Hey, I always thought that if you want to make a comedy that practices surrealism and is abstract, then go hog wild. Just make sure that the comedy is actually funny. Thankfully for the most part, “Seven Stages…” is funny. It’s very funny, in fact. It’s also so off the wall, weird, and out of the ordinary that it might alienate some audiences who go in to it expecting something mainstream and broader. For a debut Vivieno Caldinelli’s “Seven Stages…” is funny and bold, but by the hour mark, the narrative completely falls apart, and I was about ready for the movie to end.
Young Ohio Couple Paul and Claire just moved to Los Angeles to start a new life together, after garnering a nice apartment at a cheap price. As Claire begins a new job at an ad company, she begins to feel pressure, especially with boyfriend Paul’s laziness and hesitance to find a real job. Things go even worse, when a deranged man crawls in to their apartment window one night, tap dances to their bathroom tub, and commits suicide. Much to their horror, they learn that their apartment was the death place of a cult leader known as the Holy Storsh and now whenever his members seek to commit suicide and join him, they always sneak in to the house. At first the situation seems horrifying, but as Claire and Paul accidentally begin reading Storsh’s teachings, they begin to use his philosophy to help them in everyday life.

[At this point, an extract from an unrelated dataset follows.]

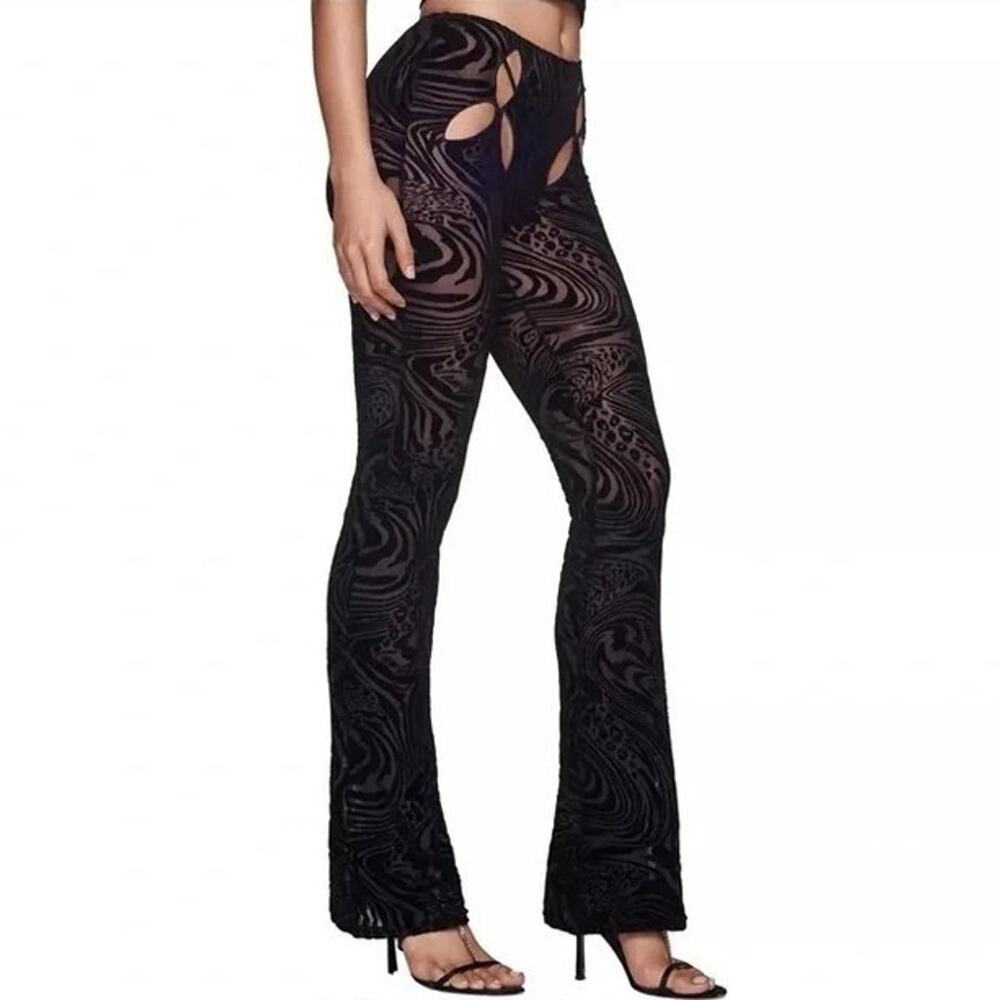 I.AM.GIA Amina Pant Black Velvet Burnout Flare Festival Legging Size Small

“Seven Stages…” is loco, and insane. There’s an animated bird talking to character Paul, there’s Paul interviewing himself for a job set to canned laughter, and there’s a long shockingly brilliant monologue from Sam Huntington’s character explaining how he lost his job in Ohio. Suffice to say it involves a water purification plant, and a post apocalyptic war zone. I just couldn’t believe my eyes and ears at times. There are also a ton of cameos from comedians like Brian Posehn, Dana Gould, and Josh Brenner, respectively. Taika Waititi even appears as the Holy Storsh in a mock beard and long hair. Claire and Paul find themselves on separate journeys through this discovery of Storsh, and they inevitably come crashing in to one another as they find a sense of satisfaction in his followers committing suicide in front of them.
While Kate Miccuci and Sam Huntington are great, Dan Harmon steals the movie as a frustrated officer and aspiring screenwriter forced to retrieve the corpses of Storsh’s followers. He not only gets the best lines, but left me in tears more than once. That said after the hour mark “Seven Stages…” fell apart with a weird sub-plot involving a crooked politician, and deranged murders, and I was about ready to tap out from that point on. Even the finale is woefully mishandled with an unusually saccharine closing scene. In any case, “Seven Stages…” is a bonkers, bat shit insane movie, but a funny one. If you’re in the mood to experiment with an unconventional, sometimes loony comedy, I recommend it.
The Cinepocalypse Film Festival Runs from June 21st – June 28th.